Se vio a sí mismo con treinta y ocho años de edad, una mañana de marzo de 1962, despidiéndose de Brígida y saliendo de su casa de la Barriada Nueva de Aldea Moret; y se vio entrando en el almacén de superfosfatos y saludando a algunos compañeros; y luego se vio subiendo a la cabina de la grúa, que quedaba suspendida de un raíl aéreo que cruzaba por completo el almacén; y se vio activando los mandos mientras uno de sus engranajes accidentalmente entraba en contacto con el cable conductor de electricidad; y luego se vio desplomado sobre el suelo metálico de la cabina, ya sin latidos, con su cuerpo cimbreante y enroscado, saturado por un olor a carne carbonizada y dulce que no le disgustó; y a continuación vio la luz clara del día que ya para siempre quedaría al otro lado de las ventanas del almacén y eso le confirmó lo caprichosa que era la vida, que se le escapaba por momentos; y a continuación vio el rostro de Brígida el día en el que fueron a dar su primer paseo juntos, tras una fiesta en honor de Santa Bárbara, y recordó que su talle le había parecido más explosivo que los cartuchos de dinamita colocados sobre las andas que portaban la imagen de la santa; y finalmente vio un abismo luminoso… detrás del cual ya no se veía nada más.

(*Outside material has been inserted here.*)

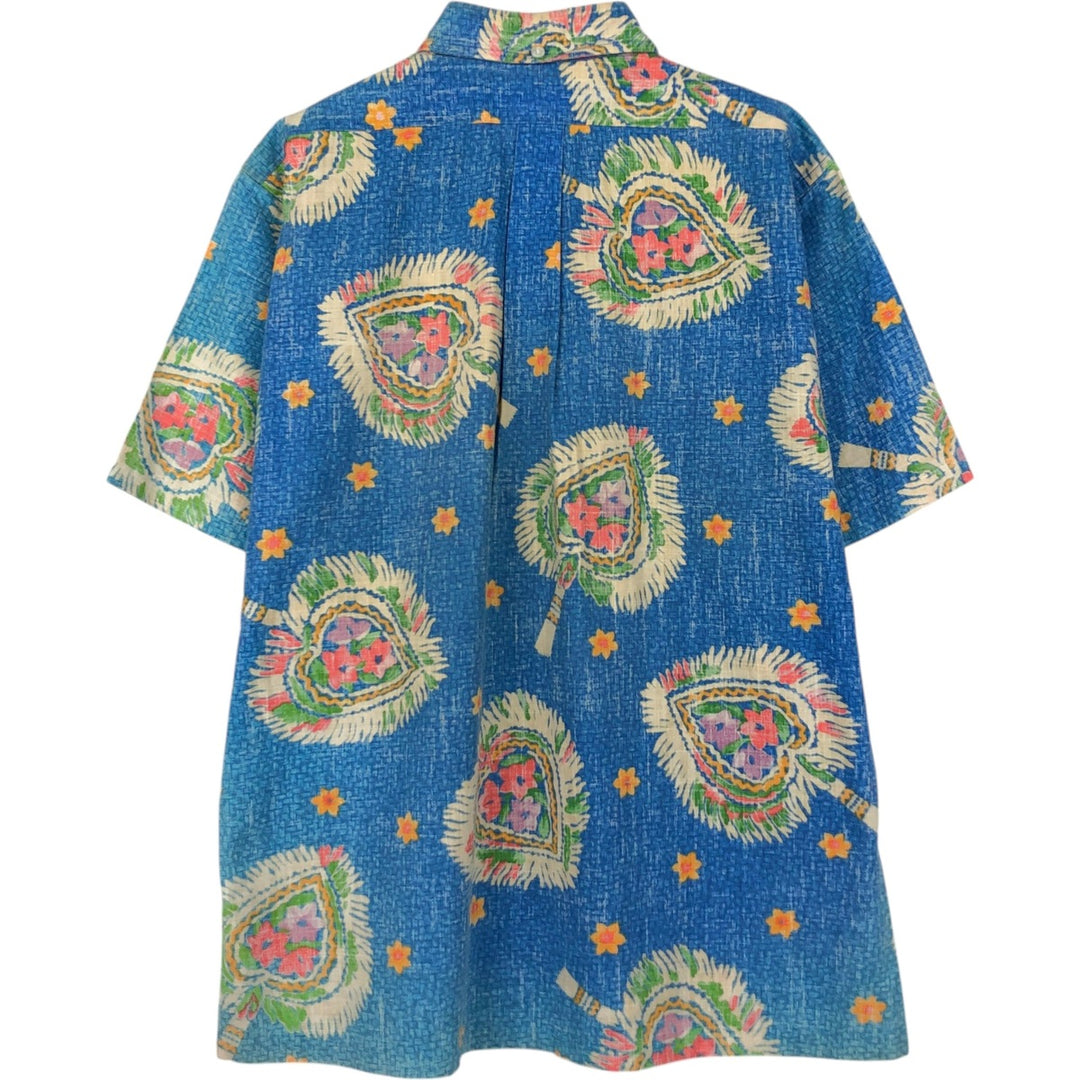 90'S Reyn Spooner Bikini Tag All-over Floral Print Pullover Button-Down Aloha Shirt Boxy Shirt Men's Size M (approx.) cotton blue type Vintage Second Hand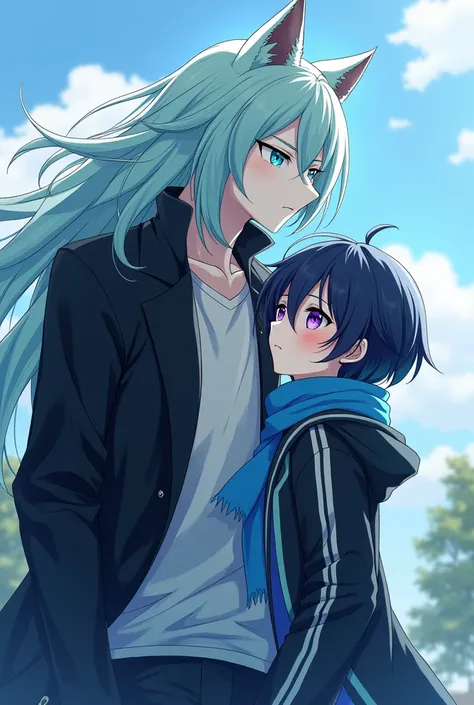 anime boy,  half sky blue and half black hair ,  purple and pink eyes ,  white skin ,  sky blue scarf and light blue and black jacket, blushing.
Next to a man, male wolf anime ,  long light blue hair , mint green eyes,  white skin .  black coat ,  of great...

Su estupefacción no consiguió retener la lágrima de espanto que se le escapó del borde de los párpados. Tragó saliva. Sintió que necesitaba ayuda para sostenerse. Entonces recuperó la sensación de estar sometido a un interrogatorio en una sala en la que cinco desconocidos lo observaban, y una mezcla de indignación mal disimulada y de manso quebranto se apoderó de sus manos, que se crisparon como preparándose para abrirse paso a puñetazos a través de la pesadilla que estaba soñando. Pero la voz del comisario detuvo su comezón.

–Es doloroso salir de la amnesia, ¿verdad, hermano? Lo comprendemos perfectamente. Solo queremos ayudarte.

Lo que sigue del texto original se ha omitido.